Faster Inference - Batch Normalization Folding

NathanHub · April 20, 2020, 1:35pm

Hello folks !

Over the past few days I’ve tried to implement a simple yet efficient way to make inference faster without any change in performance for any model using Batch Normalization (i.e almost all of the recent ones) and I wanted to share it with you.

Note: I used fastai here but the code works for any PyTorch model

The intuition is this:

Batch Norm is very useful during the training phase as it allows the use of bigger learning rates and makes the training more stable, but at inference time, it is just used as a linear operation.

As a reminder, the output of the Batch Norm layer is :

y_{i}=\gamma \widehat{x}_{i}+\beta

\widehat{x}_{i} being the normalized input batch and \gamma, \beta being the parameters of the Batch Norm, learned during training.

And we know that the result of the combination of two linear operations is still a linear operation so there must be a way to combine the Batch Norm computation and the previous layer, a Convolution (what I tried for now).

So if I denote the convolution operation as:

z_i =W * x_i+b

Then, the output of Batch Norm can be re-written as:

y_i =\gamma \cdot \frac{z_i-\mu}{\sqrt{\sigma^{2}+\epsilon}}+\beta

So we can easily re-arrange the weights W and bias b of the convolution operation to take the Batch Norm into account, the result is:

\begin{aligned} w_{\text {fold }} &=\gamma \cdot \frac{W}{\sqrt{\sigma^{2}+\epsilon}} \\ b_{\text {fold }} &=\gamma \cdot \frac{b-\mu}{\sqrt{\sigma^{2}+\epsilon}}+\beta \end{aligned}

So if we swap the current W and b by the computed values above, we can safely remove the entire Batch Norm layer without changing anything in the results !

How useful is it ?

Remove the Batch Norm layer should reduce the amount of parameters in the network (even though BN doesn’t have a lot) but more importantly it reduces the amount of computations to be done so should decrease the inference time!

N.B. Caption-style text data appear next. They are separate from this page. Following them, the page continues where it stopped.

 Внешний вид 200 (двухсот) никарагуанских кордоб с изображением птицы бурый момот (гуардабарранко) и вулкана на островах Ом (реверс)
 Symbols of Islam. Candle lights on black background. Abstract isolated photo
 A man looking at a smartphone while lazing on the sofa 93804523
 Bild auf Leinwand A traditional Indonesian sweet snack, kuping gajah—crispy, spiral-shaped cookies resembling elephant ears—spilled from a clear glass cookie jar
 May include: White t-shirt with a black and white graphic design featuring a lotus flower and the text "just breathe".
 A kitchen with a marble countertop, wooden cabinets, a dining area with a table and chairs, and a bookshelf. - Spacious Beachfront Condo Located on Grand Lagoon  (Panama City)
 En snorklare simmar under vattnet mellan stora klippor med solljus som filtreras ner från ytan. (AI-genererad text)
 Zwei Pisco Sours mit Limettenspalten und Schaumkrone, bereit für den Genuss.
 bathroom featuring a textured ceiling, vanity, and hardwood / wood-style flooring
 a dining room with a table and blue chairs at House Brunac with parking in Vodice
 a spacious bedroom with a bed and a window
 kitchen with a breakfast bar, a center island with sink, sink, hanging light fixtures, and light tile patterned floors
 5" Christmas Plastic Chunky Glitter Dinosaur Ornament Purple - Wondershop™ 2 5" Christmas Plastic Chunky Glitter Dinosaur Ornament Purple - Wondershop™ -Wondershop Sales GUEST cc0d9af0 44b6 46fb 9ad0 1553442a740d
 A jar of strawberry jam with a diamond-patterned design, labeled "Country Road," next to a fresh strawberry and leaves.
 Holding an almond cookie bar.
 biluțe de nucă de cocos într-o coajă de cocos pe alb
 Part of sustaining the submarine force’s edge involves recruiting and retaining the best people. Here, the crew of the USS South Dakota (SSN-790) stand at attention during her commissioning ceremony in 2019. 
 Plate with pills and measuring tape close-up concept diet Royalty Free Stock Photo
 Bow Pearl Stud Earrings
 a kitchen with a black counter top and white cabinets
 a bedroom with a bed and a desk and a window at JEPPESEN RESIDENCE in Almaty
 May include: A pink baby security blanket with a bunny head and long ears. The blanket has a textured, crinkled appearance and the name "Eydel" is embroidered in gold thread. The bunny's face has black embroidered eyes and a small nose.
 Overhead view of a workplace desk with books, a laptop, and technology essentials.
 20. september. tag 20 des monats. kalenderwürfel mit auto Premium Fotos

I conducted some experiments on two commonly used architectures:

VGG16 with BN
Resnet50

Trained on ImageNette-160

VGG16

After training for 5 epochs (final accuracy doesn’t matter):

Capture d’écran 2020-04-19 à 17.04.08

The model has:

And inference takes:

After applying the BN folding technique:

We can first check that the performance is still the same:

And:

The gain in parameter is not huge as expected but there is some gain in inference time, of ~0.4ms.

Resnet50

The same process is applied to Resnet50:

Number of parameters:

Inference time:

After BN Folding:

So now, the drop in parameters is bigger (expected as unlike VGG, most of parameters are contained in convolutions), but look at that inference time gain ! 1.5ms !

Code can be found here

This is a library I’m trying to build to make faster and lighter models with fastai. I’ll make another post explaining the other techniques used there.

If some of you are interested to collaborate or to help me to shift the code to fastai2.0, don’t hesitate to tell me !

This is work in progress and I’m not a professional programmer so please excuse me for possible bugs or bad coding practice.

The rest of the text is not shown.